The last step is to convert the control structure from indices to pointers:

void IntegerInsertionSort (int* beg, int* end)
{
  if (end - beg < 2) return;
  int * i; // outer loop control
  int * j; // inner loop control
  int * k; // k is always j - 1
  int   t; // value holder
  for (i = beg; i != end; ++i)
  {
    t = *i;
    for (k = i, j = k--; j != beg && t < *k; --j, --k)
      *j = *k;
    *j = t;
  }
}

Any of these implementations can be re-worked to sort an array of C-strings. We recommend the third one. Whichever one you use as a starting point for the string sorts, be sure that you understand the refactorings, especially the third one.
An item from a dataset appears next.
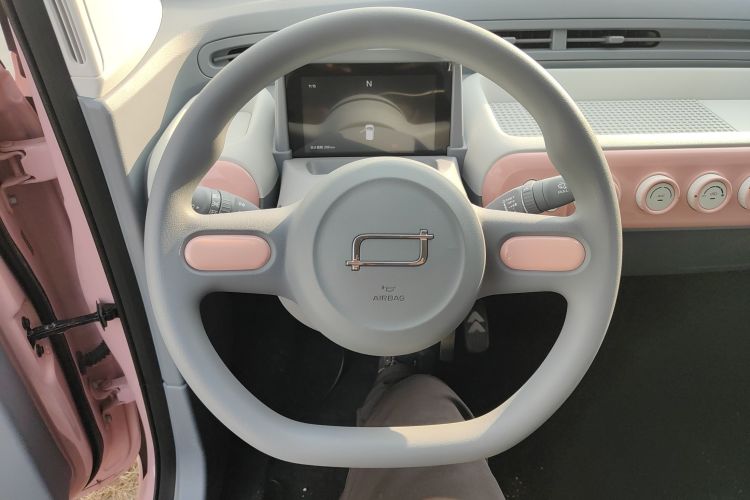 奔腾小马 2025款 222km 闪电马局部细节13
InsertionSort is actually a very useful sort algorithm, even though it is "slow": It runs in quadratic time when input is random data. However, it runs in linear time when the data is pre-sorted, and proportionally more efficient when data is somewhere "between" random and sorted. InsertionSort is also stable, meaning that relative position of equal keys is not changed. This is evident in your Dictionary sort, which should not interchange aaa and AAA no matter which comes first in the data. And finally, "Sort by Insertion" is a higher level concept that can lead to more efficient sorts as well as serve as a model for analysis of QuickSort (in a later course).

Procedural Requirements:

  1. Begin your log file named log.txt. (See Assignments for details.)
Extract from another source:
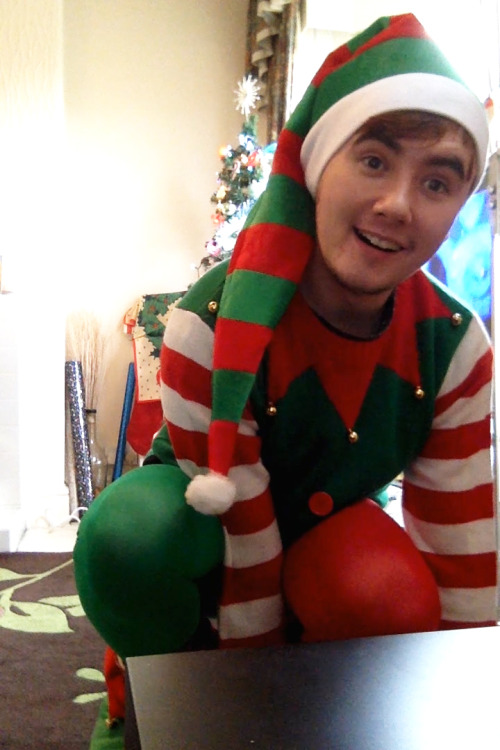 tomgungy:  orangehares:  Elf part 2 (part 1)My hat arrived so elf costume complete.I am so festive this year :D  @orangehares It was Christmas morning! I was so excited! Ever since I started wearing the Christmas outfit that I had… found, I guess, I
  2. Create and work within a separate subdirectory cop3330/proj1. Review the COP 3330 rules found in Introduction/Work Rules.

  3. Copy all of the files from LIB/proj1. These should include:

    makefile
    deliverables.sh
    main.start # contains functions CopyString and PrintStrings, plus the command line argument processing
    sdiff.cpp  # program calculates Diffs for two input strings
    

    In addition you should have the script submit.sh in either your .bin or your proj1 as an executable command.

  4. Create three more files

    cstringsort.h
    cstringsort.cpp
    main.cpp
    

    complying with the Technical Requirements and Specifications stated below.

  5. Turn in four files cstringsort.h, cstringsort.cpp, main.cpp, and log.txt using the submit script.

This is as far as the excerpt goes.